On note un basculement progressif du modèle économique d’iTunes vers celui de Spotify, mais transformer des utilisateurs gratuits en abonnés payants reste pour l’instant limité.

Il existe des tensions entre l’industrie du disque et les plateformes de distribution au sujet de l’octroi d’avances ou de minima garantis. M. Christian Phéline a remis un rapport sur le sujet et M. Emmanuel Hoog s’y est également intéressé. Il est vrai que les maisons de disques ont tendance à négocier l’accès à leurs catalogues contre une participation au capital de la start-up, en misant sur une valorisation rapide de ce dernier, plutôt qu’à procéder à un véritable échange marchand.

Voilà pour l’état des lieux ; j’en viens maintenant à mes dix-huit propositions.

La première est de maintenir l’utilisation de la langue française comme critère pour les quotas de diffusion dans les médias et de conserver ceux-ci à leur niveau actuel – soit 35 % à 40 %, suivant les régimes. Le fait que le système soit actuellement sous tension ne doit pas conduire à le supprimer. Quant à l’idée de prendre en considération les artistes français, mais chantant en anglais, elle ne peut être retenue, le traité sur le fonctionnement de l’Union européenne interdisant, dans son article 18, toute discrimination en raison de la nationalité.
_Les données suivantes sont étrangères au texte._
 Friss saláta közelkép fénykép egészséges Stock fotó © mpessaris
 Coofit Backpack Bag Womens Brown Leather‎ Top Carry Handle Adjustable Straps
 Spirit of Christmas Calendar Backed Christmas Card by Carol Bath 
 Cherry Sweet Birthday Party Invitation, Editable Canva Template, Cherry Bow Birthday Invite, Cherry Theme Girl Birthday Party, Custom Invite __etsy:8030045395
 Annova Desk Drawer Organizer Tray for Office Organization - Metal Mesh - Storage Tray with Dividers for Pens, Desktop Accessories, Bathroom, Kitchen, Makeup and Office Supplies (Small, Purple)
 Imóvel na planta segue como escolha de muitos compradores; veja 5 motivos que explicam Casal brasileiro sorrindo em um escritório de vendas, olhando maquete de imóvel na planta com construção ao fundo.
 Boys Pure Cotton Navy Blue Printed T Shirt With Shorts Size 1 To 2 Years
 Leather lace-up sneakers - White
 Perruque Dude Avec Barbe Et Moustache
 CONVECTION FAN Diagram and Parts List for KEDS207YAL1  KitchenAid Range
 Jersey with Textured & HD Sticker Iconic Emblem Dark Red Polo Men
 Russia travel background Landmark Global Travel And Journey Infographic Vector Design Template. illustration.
La proposition n° 2 vise à promouvoir la radio numérique. Plusieurs rapports, dont ceux de M. Marc Tessier, sur les perspectives de financement du projet de radio numérique terrestre, et de M. David Kessler, sur l’avenir numérique de la radio, avaient souligné les difficultés auxquelles se heurtait son déploiement à grande échelle sur les perspectives de financement du projet de radio numérique terrestre, notamment les coûts à la charge des éditeurs en phase de double diffusion analogique/digitale, les délais de renouvellement du parc de récepteurs radio, ainsi qu’un bénéfice douteux pour les utilisateurs. Entre-temps, la situation a changé ; aujourd’hui, trois ans après le dernier rapport sur le sujet, les smartphones se sont multipliés, ils sont devenus des objets personnels et l’on peut désormais utiliser les infrastructures de réseaux de télécommunications « 4G » pour diffuser des programmes de radio grâce à la technologie MBMS, Multimedia Broadcast Multicast Service.

Le système des quotas de diffusion de chansons francophones n’a de sens que si la programmation des titres concernés montre une certaine diversité ; si une radio ne programme en tout et pour tout que dix chansons, il n’y a pas d’intérêt à lui attribuer une fréquence ! Il faut stopper le matraquage effectué par certaines radios qui ne diffusent que des titres du Top 10, et lutter contre cette forme d’appauvrissement culturel. Durant le mois d’octobre 2013 par exemple, 74 % de la programmation francophone de NRJ et 64 % de celle de Fun Radio étaient concentrées sur le Top 10. Une dizaine de radios réalise plus de la moitié de leur programmation francophone avec des titres du Top 10. La proposition n° 3 vise à remédier à cette situation, en prévoyant qu’un malus sera appliqué dès lors que la part des titres du Top 10 dans les diffusions francophones du mois en cours dépassera le seuil de 50 % ; un taux de diffusion de 60 % de titres du Top 10 entraînerait ainsi un malus de 10 points, qui serait à retrancher par le CSA dans le calcul du taux de diffusion de titres francophones.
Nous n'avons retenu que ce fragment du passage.